The author says, ‘we can also say that anukaraṇa and anukīrtana are like karma-kāṇḍa and jn͂āna-kāṇḍa respectively – the former leads to the latter and the latter inspires the former; though the two are different, the former subserves the latter.’ This quote says the purpose and limitation of anukaraṇa and the means of attaining the desired anukīrtana. This understanding is of utmost importance for an artiste. Many times the amateurs (inclusive of senior artistes sometimes) think that perfection in anukaraṇa is art. Unfortunately, they do not realise that perfection in anukaraṇa may be considered as one of the qualifications of becoming an artiste; he/she is ready to look towards anukīrtana which is the next step. Many times, sadly, teachers also get trapped in the narrow thought that the student must cling on to anukaraṇa of the teacher’s choreography for lifetime which alone is the testimony for devotion to the teacher and art at the same time. Here too the teacher is misleading the student at all levels-technically, artistically, and spiritually! Worship of anukaraṇa leads to stagnation and almost death of the ‘artiste’ in the person. Anukīrtana should be the vision for a true art seeker. It should be encouraged and appreciated. Hope the above thoughts of the author of the book bring in that betterment in understanding and approach for the artistes.

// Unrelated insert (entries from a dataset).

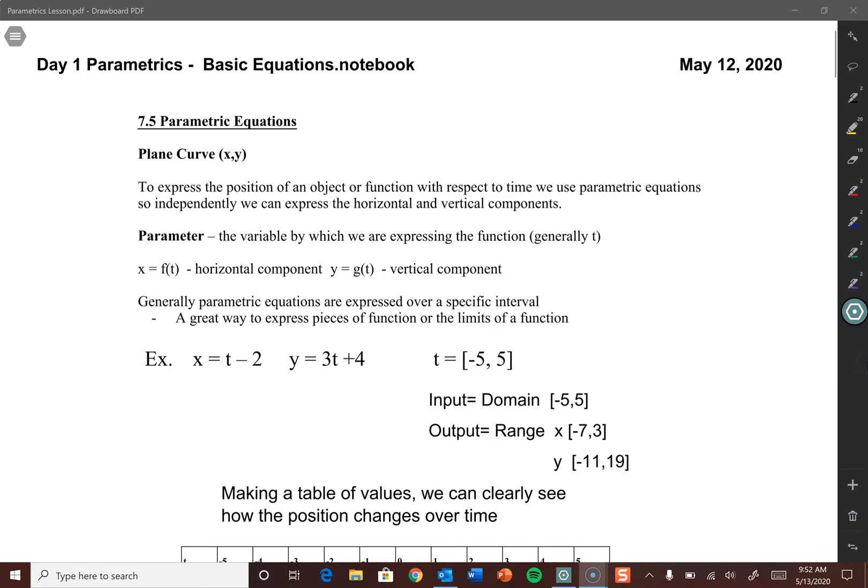Good morning, Honors Precalculus people. It's me, your favorite math teacher, Mr. O'Rourke, back with another math video. It's super late — it's the day before class. Sorry. I've been super busy, and I've been doing a little bit of procrastinating. But here's the video. I promise I'll keep it shorter than previous ones and won't talk too much at the beginning.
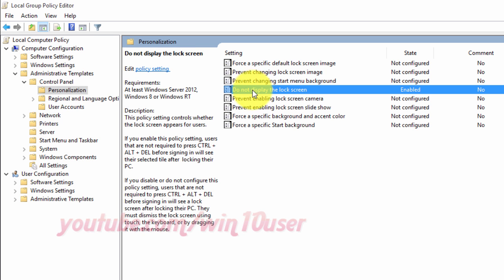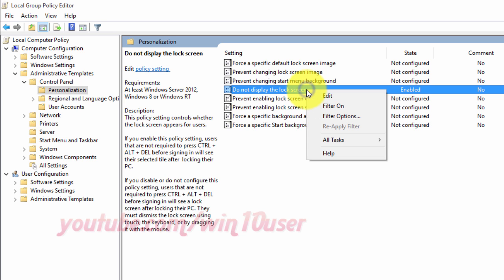In the right pane of Personalization in Local Group Policy Editor, double-click or right-click do not display the lock screen policy to edit it.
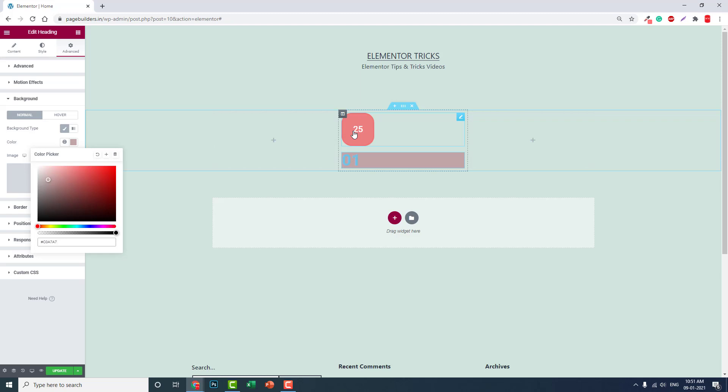I hope this video is helpful to you. These numerical icons are useful when you have to design our process, step one, step two, step three, as I mentioned before - services section, our process section, features section.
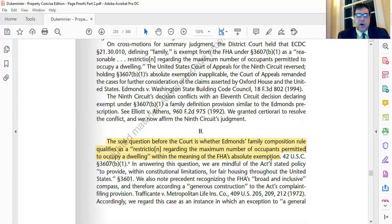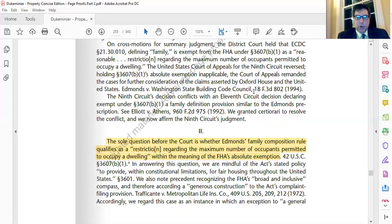This issue had been litigated in the lower federal courts and made its way up to the Ninth Circuit, which decided that Edmonds' family composition ordinance did not fall within the FHA exemption. However, the Ninth Circuit's decision conflicts with an Eleventh Circuit decision declaring exempt under §3607(b)(1) a family definition provision similar to Edmonds' — that Eleventh Circuit case is Elliot versus Athens, coming from Athens, the city where we are located.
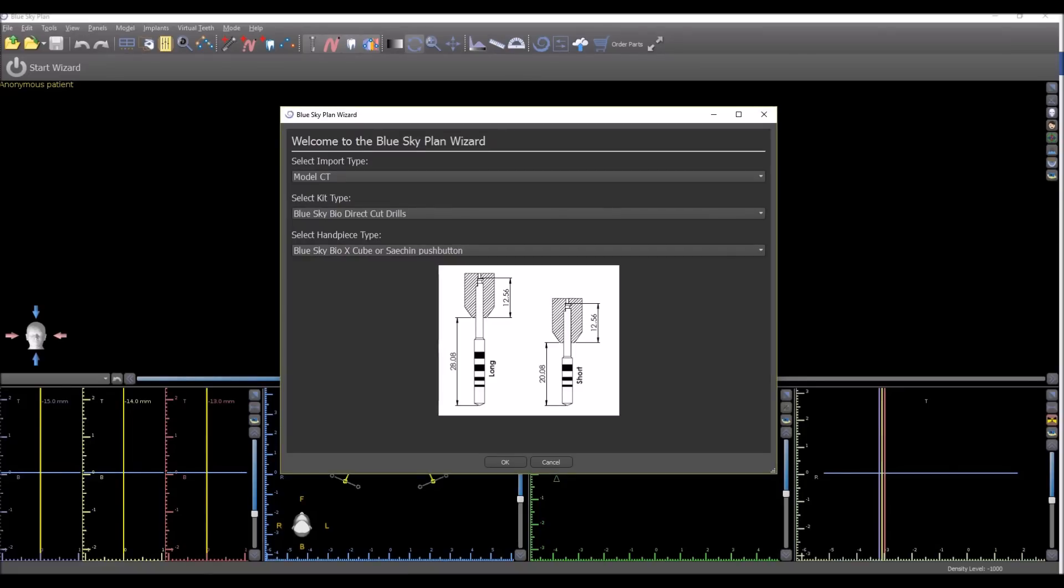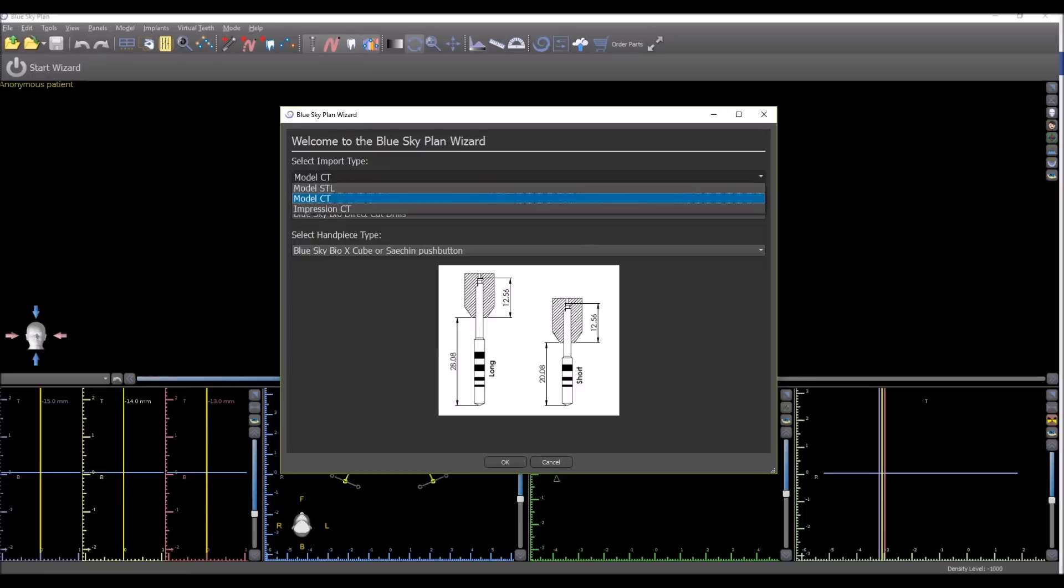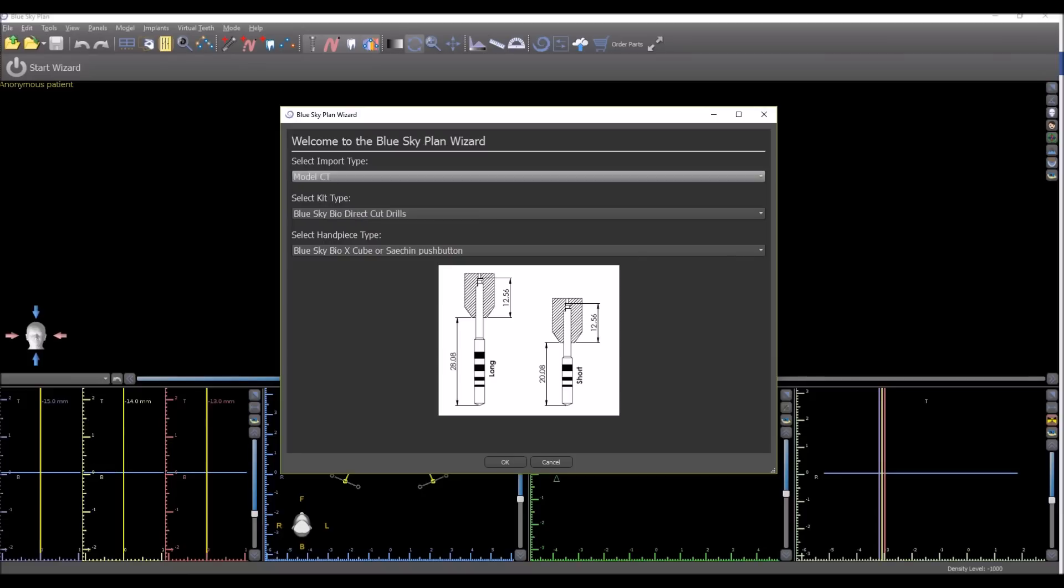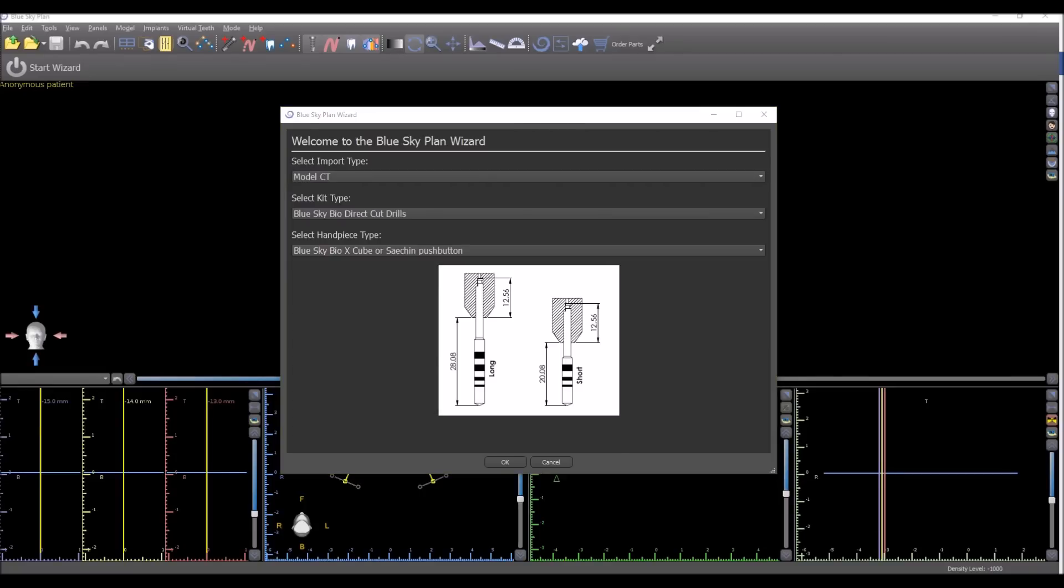As you can see, the welcome screen for the Wizard now allows the user to select which type of model or impression they're going to be importing. Whether it's a model STL, model CT, impression CT, and of course, depending on the selection of the user, the Wizard will take the user through a different process flow.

The insights provided by the author in connection with the ten rūpakas described in the Nāṭyaśāstra are exemplary. The author has brought in the concepts of adhi-bhūta, adhi-daiva and adhyātma in the classification of the rūpakas which he has reasoned convincingly. He says, ‘Nāṭaka and Prakaraṇa are essentially rooted in adhyātma (the realm of universal human emotions), while Ḍima and Samavakāra lay greater emphasis on adhi-daiva (the realm of faith and belief) …. Vyāyoga, Aṅka and Īhāmiṛga have undertones of adhi-bhūta (material world) with some traces of adhi-daiva… The three genres, Prahasana, Vīthi, and Bhāṇa are thus, rooted in everyday life of common men, i.e., adhi-bhūta…. Nāṭikā swings between adhyātma and adhi-bhūta with a greater emphasis on the latter.’ This classification by itself gives room for so many suggestions in the treatment of the themes which seems to so loyally match with Bharata’s vision in the Nāṭyaśāstra.
The exhaustive list of upa-rūpakas is unparalleld. It is overwhelming to read through the compilation of every detail possible about every form of upa-rūpaka and commenting on the possibilities of the scope of handling them, also analysing how these forms have semblance to existing dance forms of today, sometimes giving the comparative analysis between the upa-rūpakas themselves; it is difficult to say where actually their treatment stops. One thing is clear that this work on this subject is unprecedented. All those who want to work with reconstructions or revivals have an exhaustive and authentic documentation, interpretation, and direction to them. Upa-rūpakas do not constitute mere presentation of grammar of āṅgika and vācika but are nṛtta/nṛtya/nāṭya-bandhas and are meant to evoke Rasa. Hence mere technical analysis of the grammar of āṅgika will not suffice. The vastu must be addressed. Earlier Dr. Raghavan has done commendable work on this subject, but the author’s article goes into deeper levels and has enhanced the possibilities of practical research on these topics.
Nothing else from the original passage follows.